▸ **Data for processing**

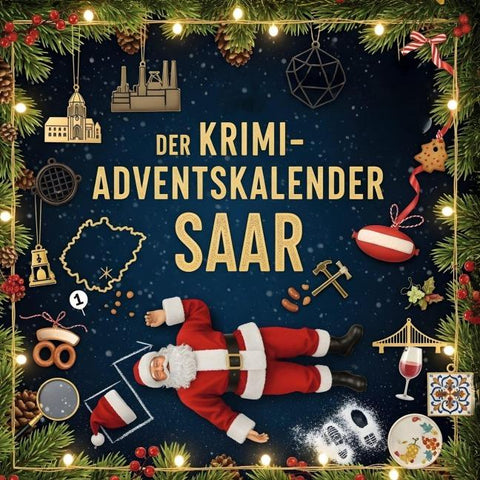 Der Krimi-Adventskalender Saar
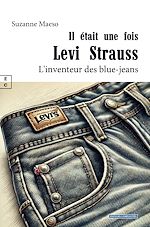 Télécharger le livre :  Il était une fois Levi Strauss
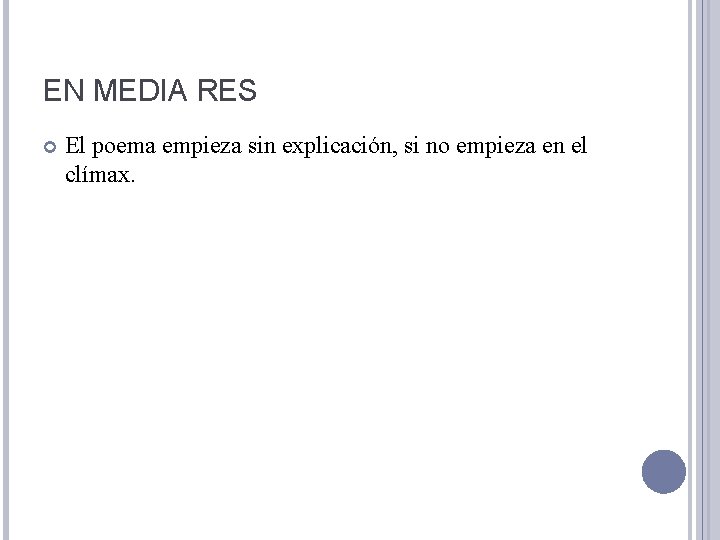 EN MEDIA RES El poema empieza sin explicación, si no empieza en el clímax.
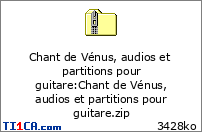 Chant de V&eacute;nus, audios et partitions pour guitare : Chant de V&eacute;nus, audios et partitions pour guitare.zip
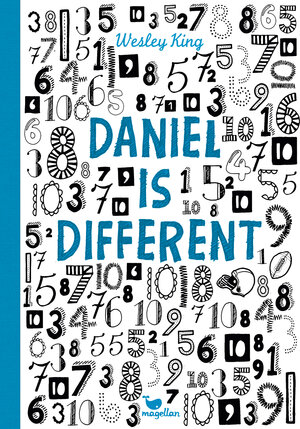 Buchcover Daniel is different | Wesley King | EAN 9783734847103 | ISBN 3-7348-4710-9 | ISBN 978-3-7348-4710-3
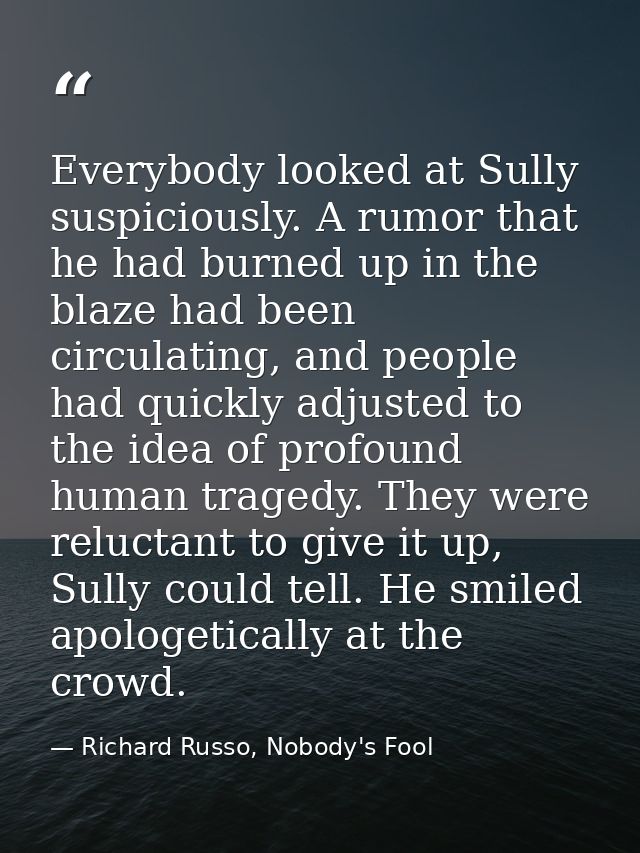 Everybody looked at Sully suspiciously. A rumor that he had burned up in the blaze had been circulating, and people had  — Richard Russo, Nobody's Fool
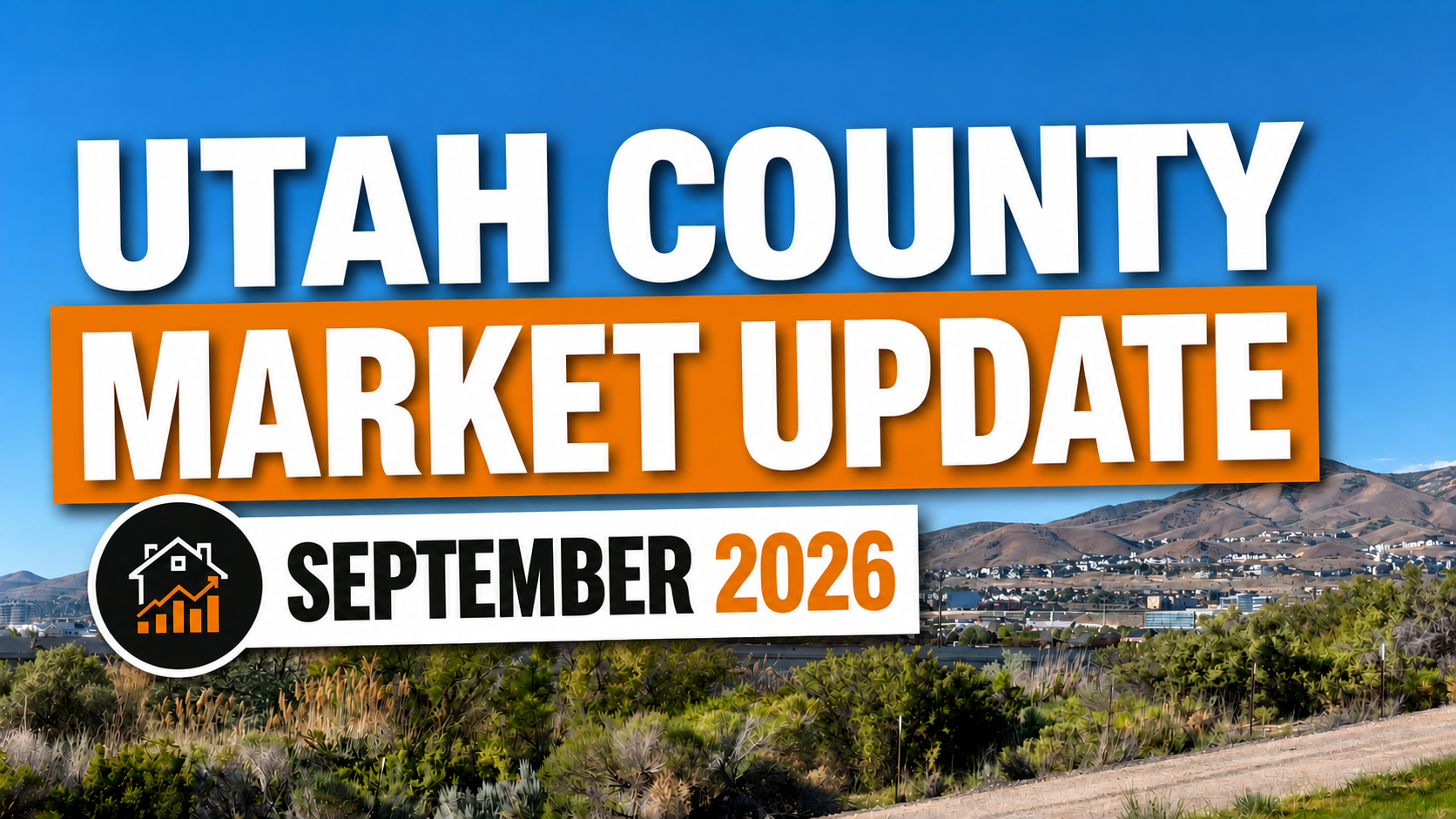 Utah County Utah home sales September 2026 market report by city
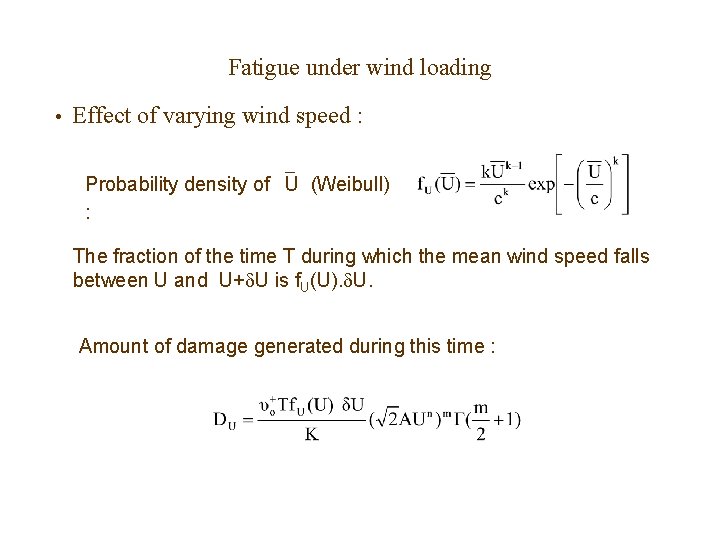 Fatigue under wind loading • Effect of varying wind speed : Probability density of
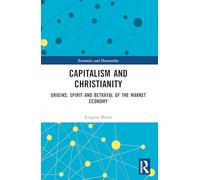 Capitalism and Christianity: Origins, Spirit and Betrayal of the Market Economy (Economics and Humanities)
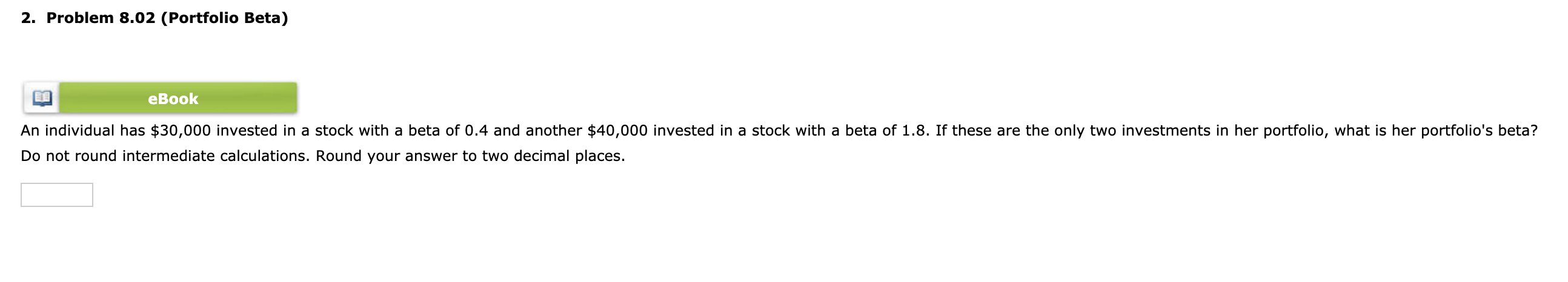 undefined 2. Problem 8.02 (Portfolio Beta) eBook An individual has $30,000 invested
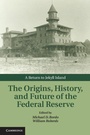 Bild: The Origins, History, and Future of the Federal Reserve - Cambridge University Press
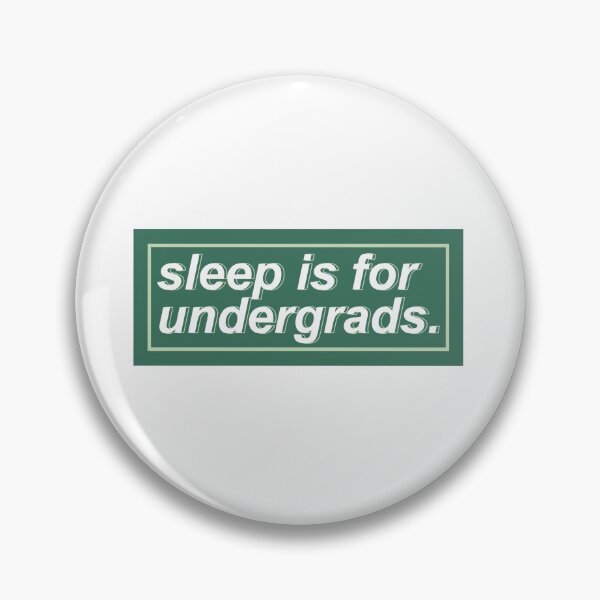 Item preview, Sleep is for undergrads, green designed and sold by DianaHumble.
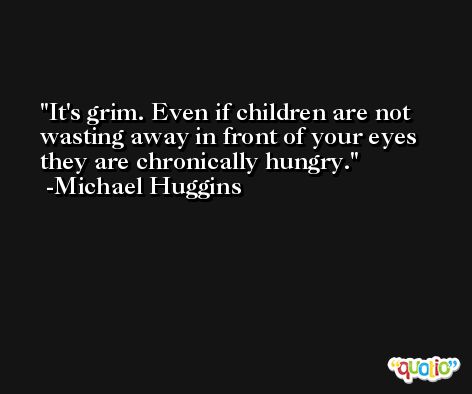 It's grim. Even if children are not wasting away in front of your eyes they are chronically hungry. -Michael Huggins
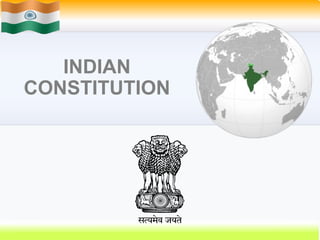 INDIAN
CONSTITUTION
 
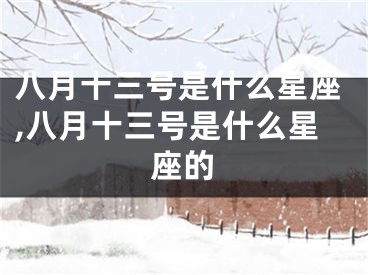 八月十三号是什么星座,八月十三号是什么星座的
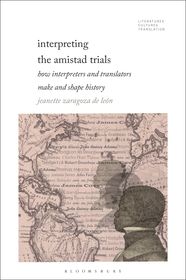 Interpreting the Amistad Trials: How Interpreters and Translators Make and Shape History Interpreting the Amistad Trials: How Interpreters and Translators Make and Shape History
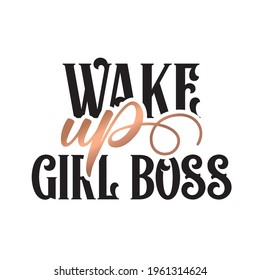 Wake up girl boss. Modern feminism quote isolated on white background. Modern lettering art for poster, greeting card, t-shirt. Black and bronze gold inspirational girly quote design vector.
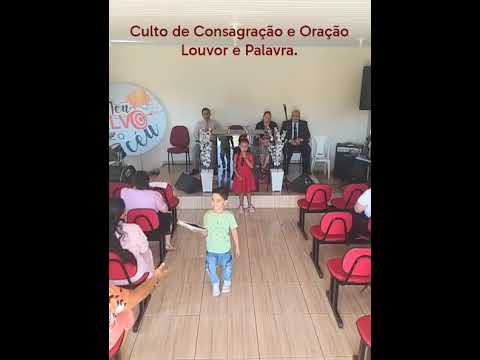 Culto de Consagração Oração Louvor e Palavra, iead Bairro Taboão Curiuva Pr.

▸ **Required action**
Leaving out each picture, repeat exactly the lines above from the one that contains "Everybody looked at" through the one that contains "Fatigue under wind".

▸ **Reply to the exercise**
 Everybody looked at Sully suspiciously. A rumor that he had burned up in the blaze had been circulating, and people had  — Richard Russo, Nobody's Fool
 Utah County Utah home sales September 2026 market report by city
 Fatigue under wind loading • Effect of varying wind speed : Probability density of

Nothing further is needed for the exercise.